There’s a big scare scene about midpoint—an attempt to compound the horror by adding another classic phobia—that seemed contrived & corny to me. Apart from that one misstep, Buried strikes me as a triumph. The desire to see this man liberated becomes almost a physical sensation. The script, by Chris Sparling, manages one inventive gambit after another to keep the confined situation dynamic, & the dialogue is accomplished—the hero’s conversation, near the end, with a representative (voiced by Stephen Tobolowsky) of his employer is a masterstroke of pitch-black comedy.
Buried has a rich, Bernard Herrmann-style musical score, & a graphically flamboyant opening title sequence in the style of Saul Bass. It's clear that Cortes meant these in homage to Hitchcock, who loved to challenge himself with proscribed situations like this, as in Rope or Lifeboat. I would guess that if Hitchcock could see this movie, he would nod with approval, & maybe even with a pang of envy.
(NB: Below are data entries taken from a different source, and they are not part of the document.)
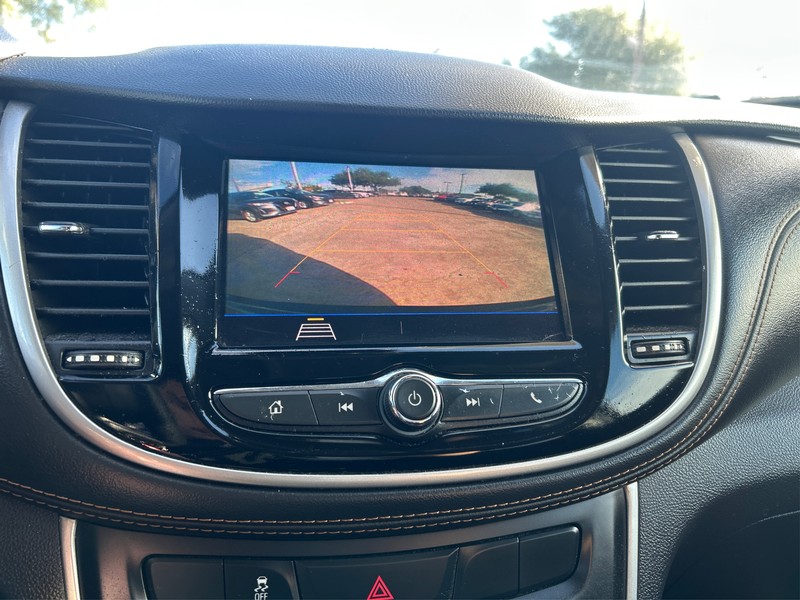 Chevrolet Trax Vehicle Full-screen Gallery Image 16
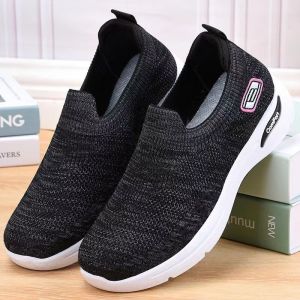 Women Korean Style Breathable Low Cut Slip On Jogging Sneakers Comfort Non-Slip Flat Casual Black Rubber Shoes For Women On Sale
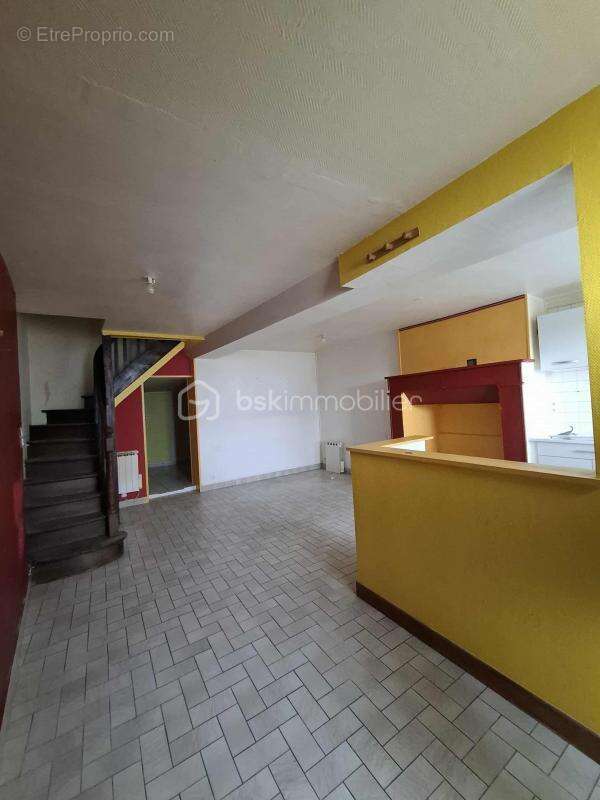 Maison à LA LANDE-SUR-EURE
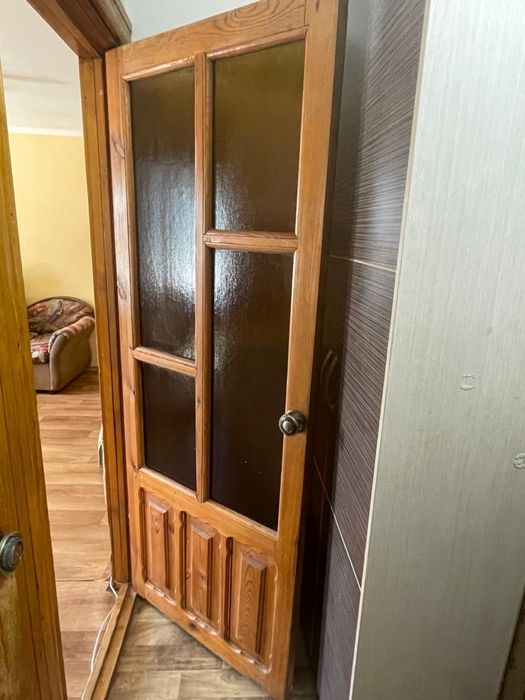 Отдам двери деревянные, в хорошем состоянии.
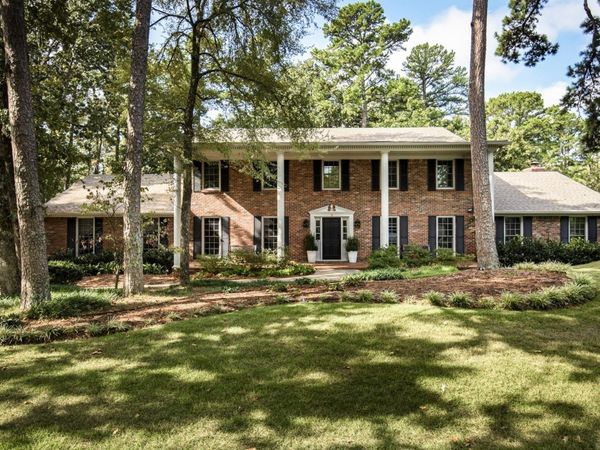 3 Oakmont Court, Little Rock, AR 72212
The Social Network—Almost two years ago, a friend of mine suggested that I sign on to Facebook. Within a couple of days, I had reconnected with dozens of people from my high school & college years & other earlier chapters of my life, many of whom I hadn’t heard from in decades, some of whom I barely knew even back then. It never occurred to me to wonder who I had to thank for this heady experience, or who (apart from myself) I had to blame for the countless hours I spent surfing & staring & e-gabbing with this sudden virtual circle.
Turns out it was a certain Mark Zuckerberg, a computer geek from White Plains who developed the site at Harvard after being tapped by two identical twin BMOCs, Cameron & Tyler Winklevoss (could you make this stuff up?), to work up a social network for the Ivy League set. While stringing these lads along, Zuckerberg took the exclusivity on which their idea was based a step further for his own site—he made each individual user an arbiter of access to their own page. When this inspiration took off, the enraged Winklevoss brothers—the “Winklevii,” as Zuckerberg calls them—took him to federal court for intellectual property theft. As Facebook begins to quickly take over the universe, Zuckerberg, now in cahoots with Napster bad boy Sean Parker, manages to alienate his initial investor & only true friend, Eduardo Saverin.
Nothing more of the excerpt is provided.